Yin yoga is based on the Taoist concept of yin and yang: the opposite and complementary principles in nature. While most of our yoga classes focus on yang – the changing and moving aspect – yin yoga focuses on the stable, unmoving aspect. In a yin class, you’ll experience passive floor poses that mainly work the lower portion of your body, including hips, pelvis, inner thighs, and lower spine.
Who is Yin Yoga Designed For?
This practice is well-suited for anyone who has an active lifestyle and is looking to add more calmness and quiet to their lives. It’s also great for anyone who struggles with anxiety or depression and is seeking recovery or healing.
Friends with hip or knee replacements: our restorative, gentle yoga classes may be better suited for you.
Why Practice Yin Yoga?
1. Increased Flexibility and Strength – You will actively stretch your body’s connective tissue, simultaneously striving to quiet your mind and settle into the pose.
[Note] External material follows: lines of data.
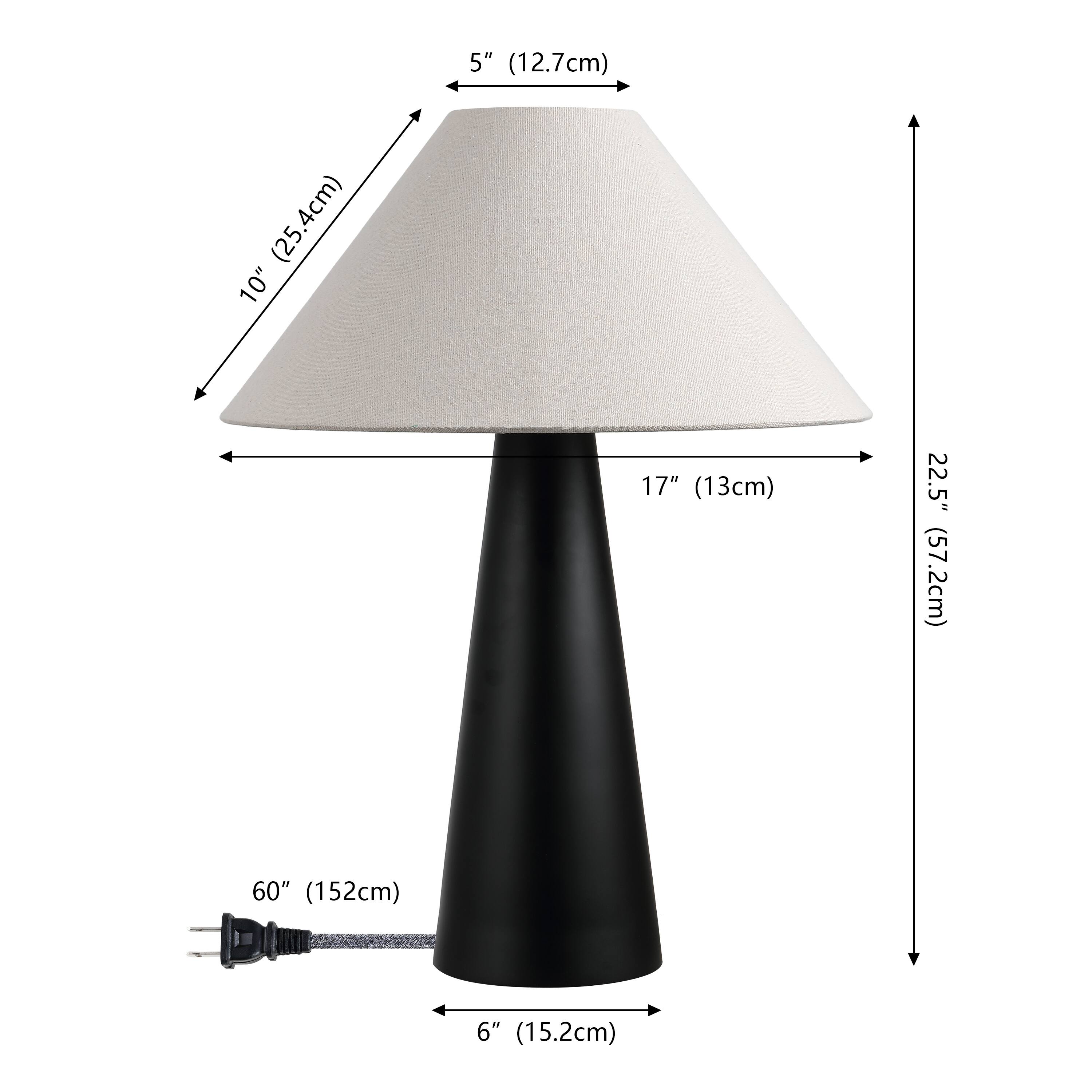 5" (12.7cm)  
10" (25.4cm)  
17" (13cm)  
22.5" (57.2cm)  
60" (152cm)  
6" (15.2cm)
Yin yoga is where poses are held from 30 seconds up to five minutes, allowing time, breath, and gravity relax your body and deepen the pose. When you gently stretch connective tissue by holding it this long, your body will respond by making it a little longer and a little stronger, which is exactly the goal of exercise.
2. Increased Awareness and Self-Intimacy – We live in a world where we are overstimulated with technology, social activities, and other responsibilities, that we often end up never switching off at all. Any kind of dynamic yoga caters to this aspect of keeping ourselves busy. That’s why it’s a good idea to balance your vinyasa yoga with a vastly different form like yin.
Finding stillness for several minutes in a pose creates gaps where the mind is free to wander. Many of us try to stay far away from meditative gaps like this because they often bring up anxiety, boredom, or anything else we suppress during the busyness of life. As with any good form of meditation, yin yoga provides the space needed to address those emotions head on.
3. A Portable Practice – You can practice yin yoga almost anywhere! You don’t always need a mat. In fact, most poses can be held while sitting at your desk, watching TV, reading, or lying in bed.